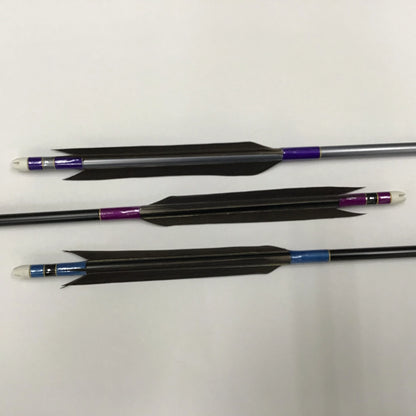 【Black Feathers】Aluminum Arrows with Black Eagle Kazakiri feathers for long diatance
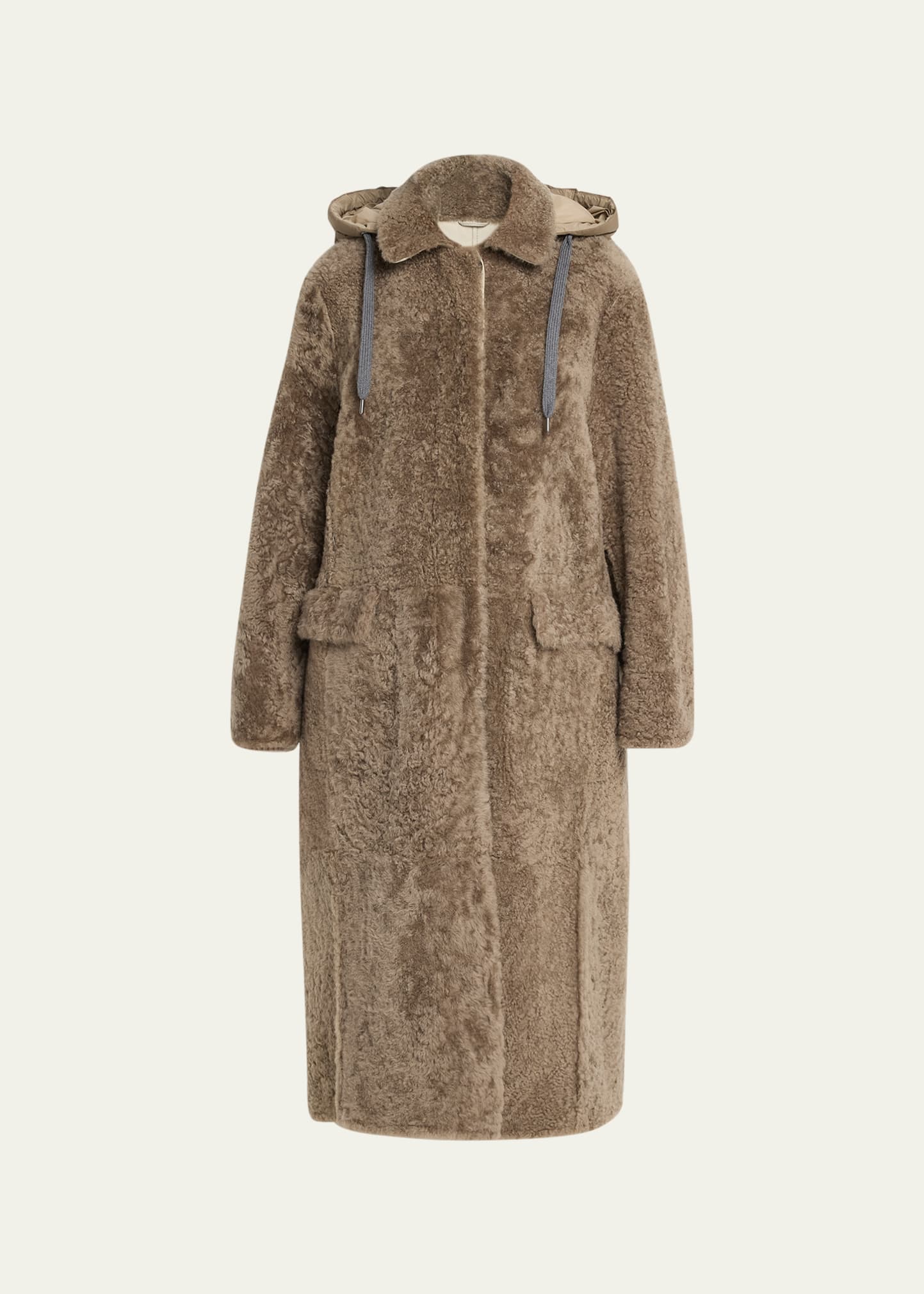 BRUNELLO CUCINELLI SHEARLING LONG COAT WITH DETACHABLE DRAWSTRING HOOD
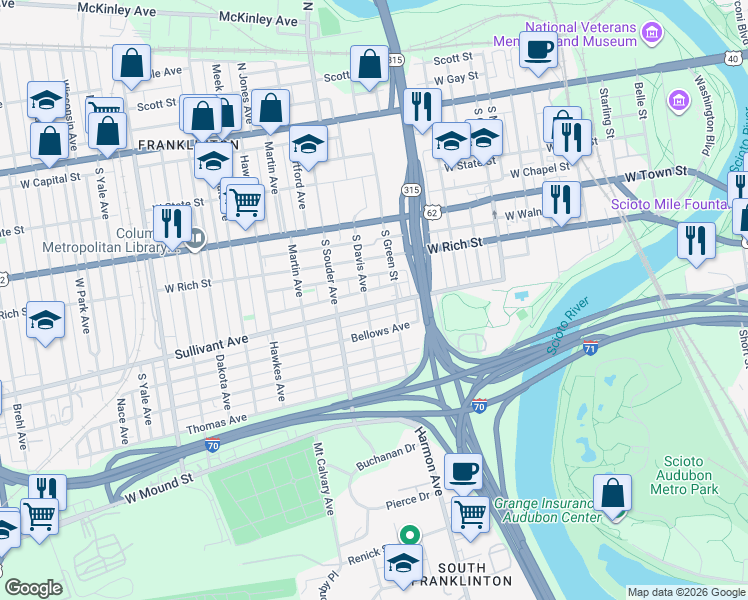 map of restaurants, bars, coffee shops, grocery stores, and more near 273 South Davis Avenue in Columbus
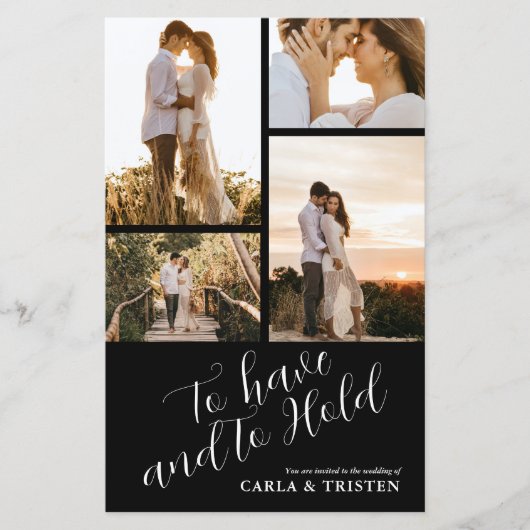 Budget Black Collage 4 Foto Weddenschap (Voorkant)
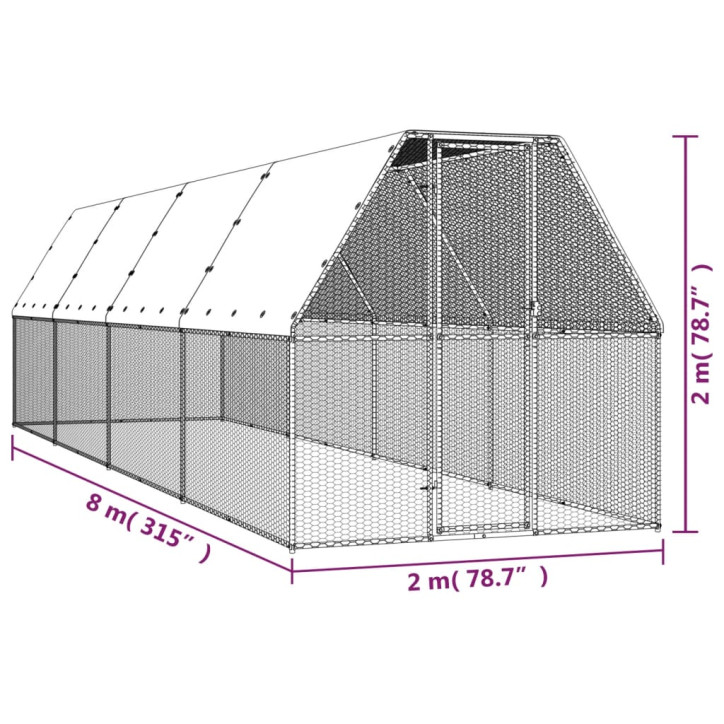 Narvas viščiukams, 2x8x2m, galvanizuotas plienas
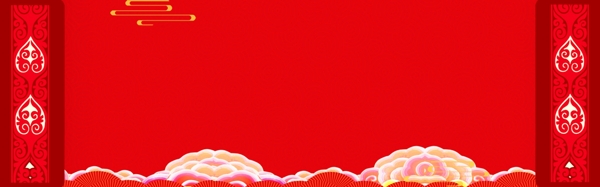 大红灯传统节日新年快乐banner背景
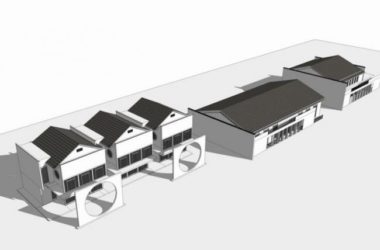 Sketchup商业模型|联排商铺,商业建筑,中式风格-BIM建筑网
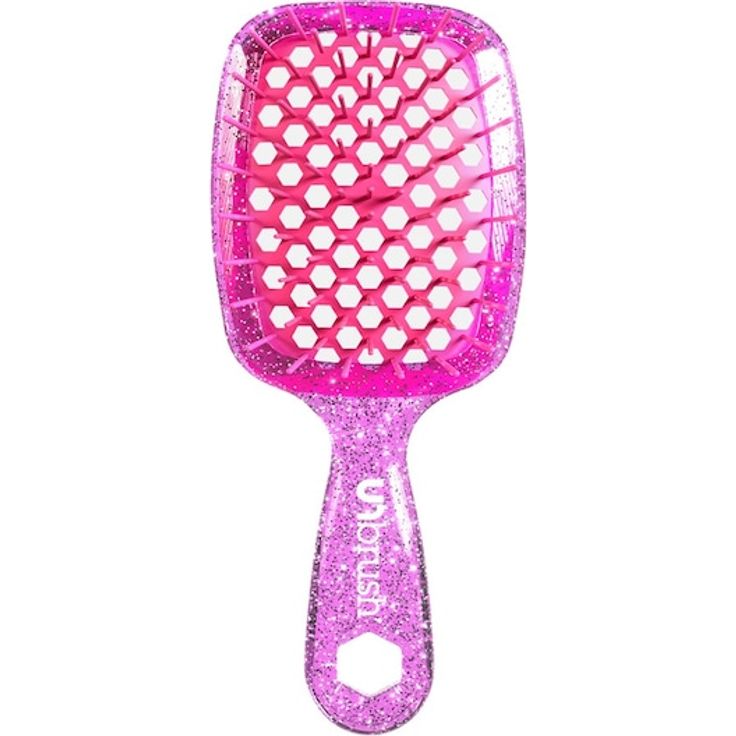 UNbrush Glitter Collection Detangling Hair Brush Mini - Rose Quartz, Entwirr-Bürste für sanftes Haarentwirren, unisex, ideal für Reisen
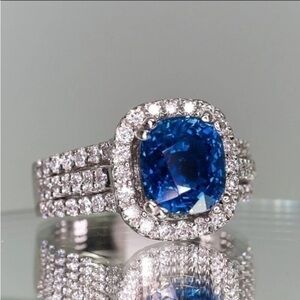 Blue Sapphire And CZ 925 Ring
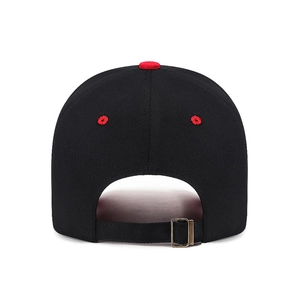 Rear view of black baseball cap with number 23 embroidery and metal adjustment buckle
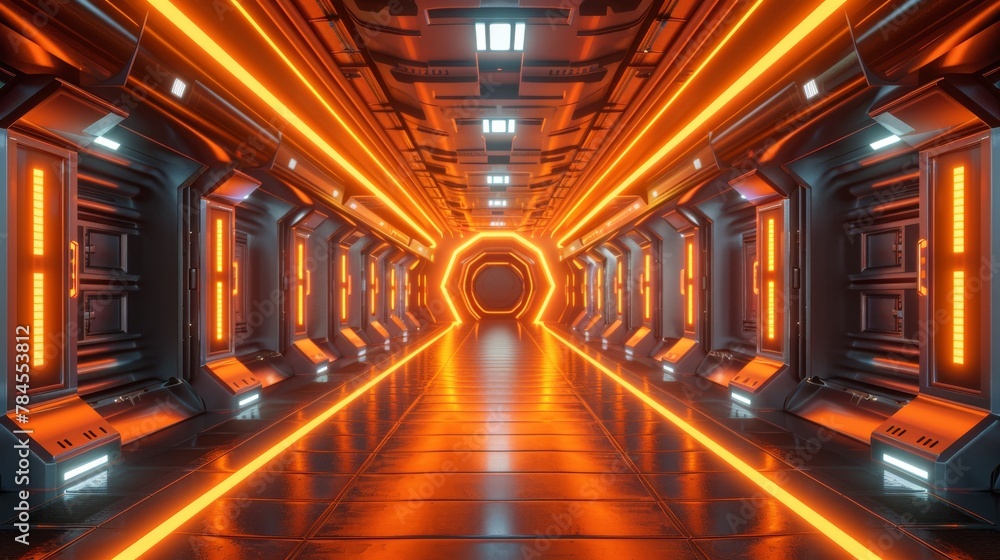 A render of a futuristic spaceship corridor with neon glowing orange background. This can be used for advertising, showroom, technology, futuristic, modern, sports, metaverse. Sci Fi illustration.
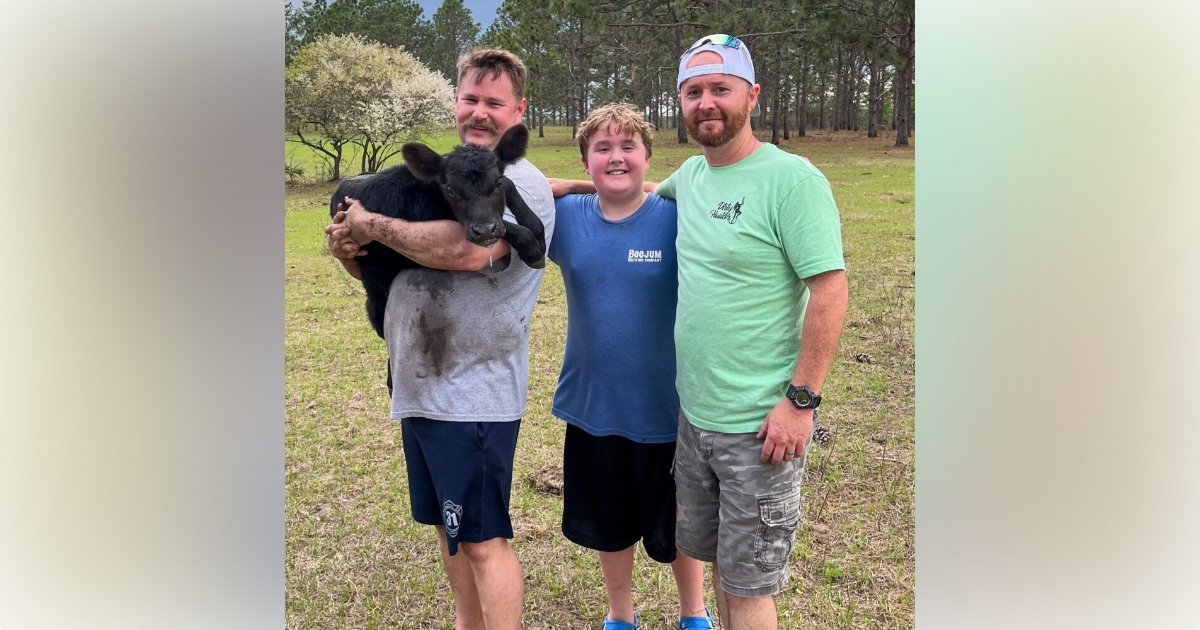 Marion County Fire Rescue Station 6 crew members rescue newborn calf from swamp on March 3, 2024
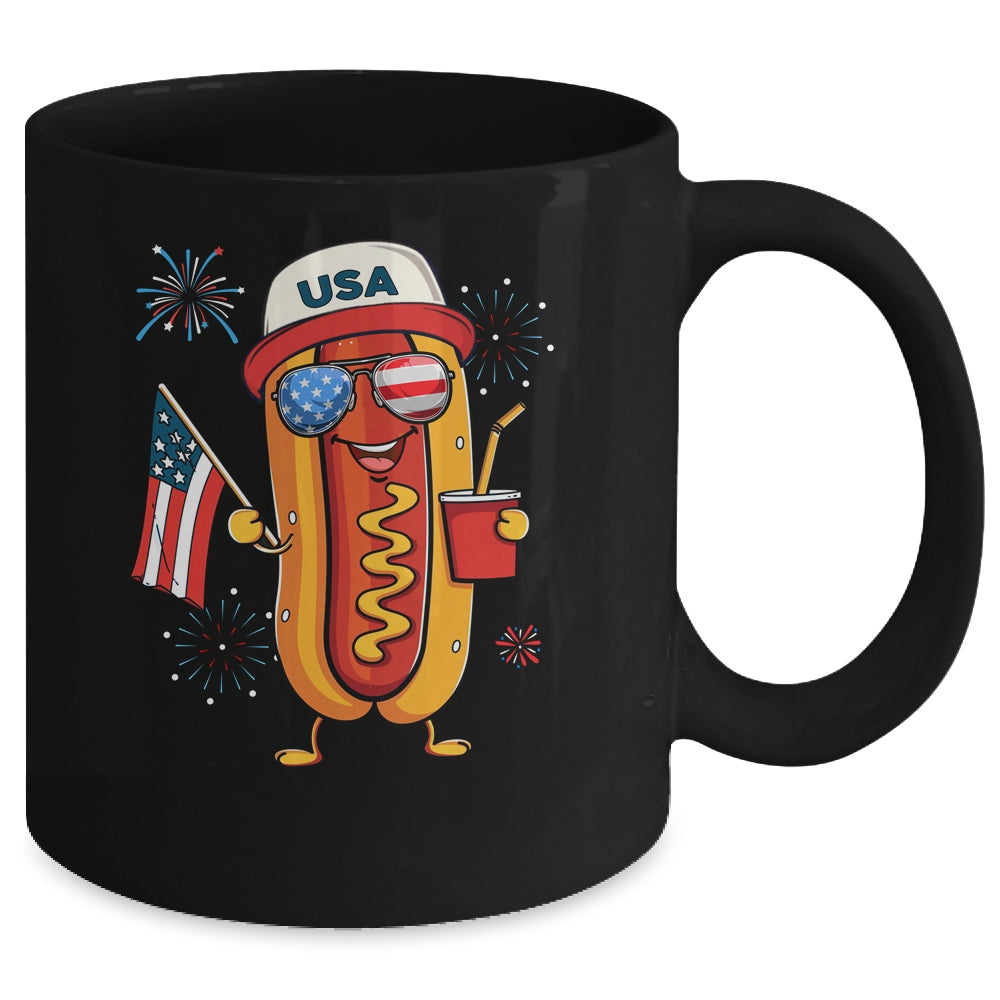 4th Of July Hotdog Funny Fourth Of July Patriotic USA Flag Mug | siriusteestore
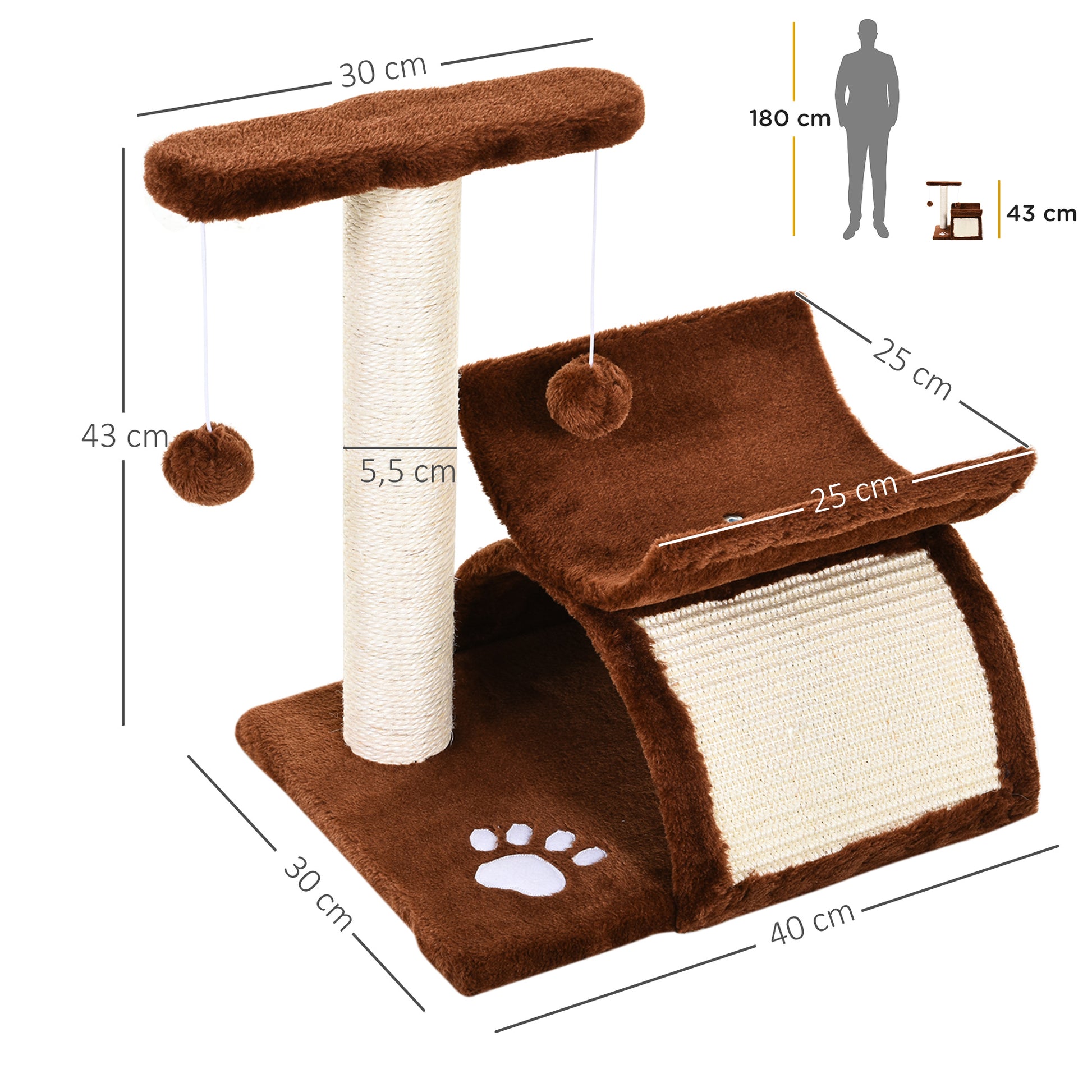 Pawhut Rascador Para Gatos Árbol Rascador Centro De Actividad 40x30x43cm Sisal_2
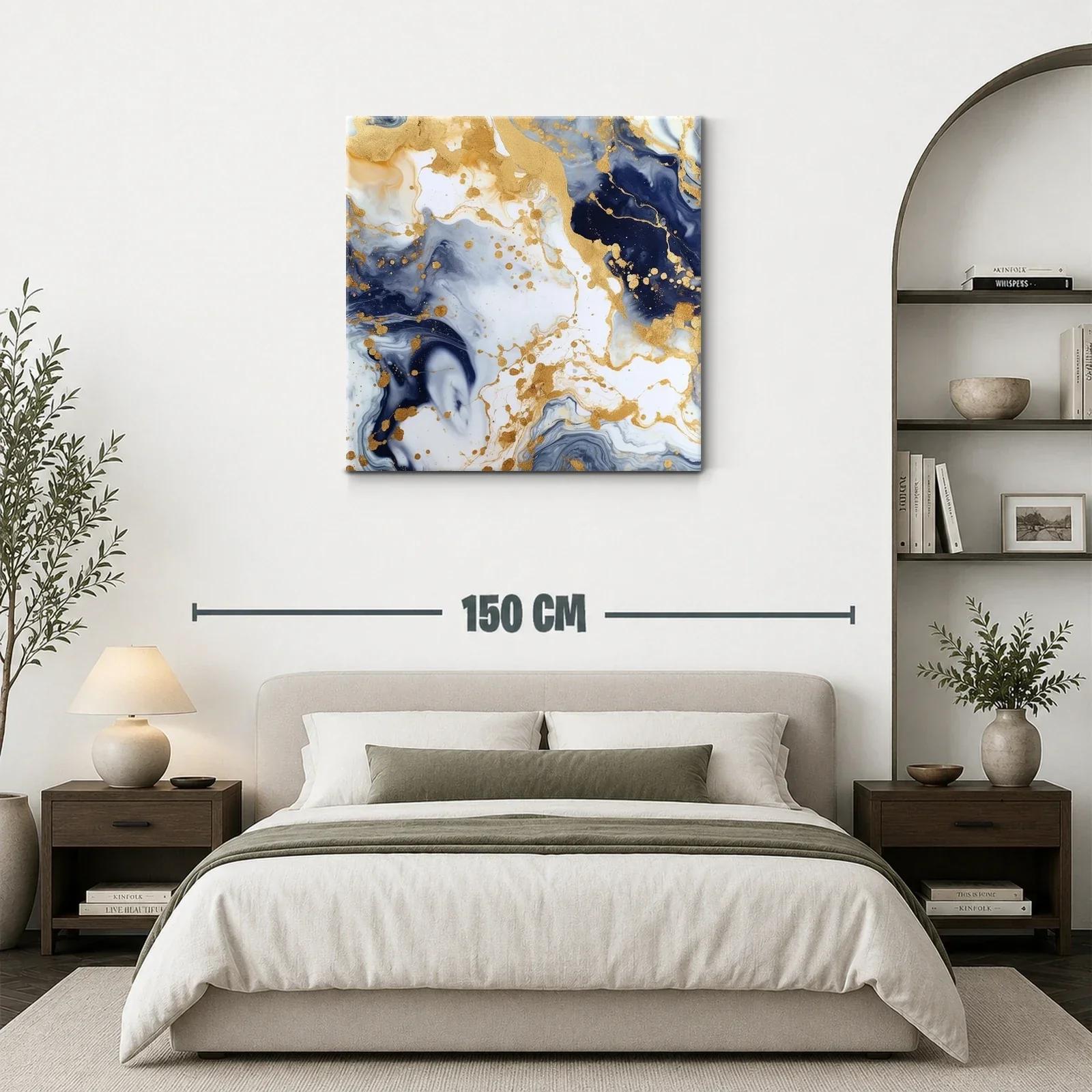 Cuadro abstracto con tonos dorados y azul marino elegante — miniatura 3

__Required action__
Copy exactly the part of the material above that opens with the line containing "Narvas viščiukams, 2x8x2m, galvanizuotas" and closes with the line containing "Blue Sapphire And CZ 925 Ring", ends included. Drop the images.

__Finished exercise__
 Narvas viščiukams, 2x8x2m, galvanizuotas plienas
 大红灯传统节日新年快乐banner背景
 Sketchup商业模型|联排商铺,商业建筑,中式风格-BIM建筑网
 UNbrush Glitter Collection Detangling Hair Brush Mini - Rose Quartz, Entwirr-Bürste für sanftes Haarentwirren, unisex, ideal für Reisen
 Blue Sapphire And CZ 925 Ring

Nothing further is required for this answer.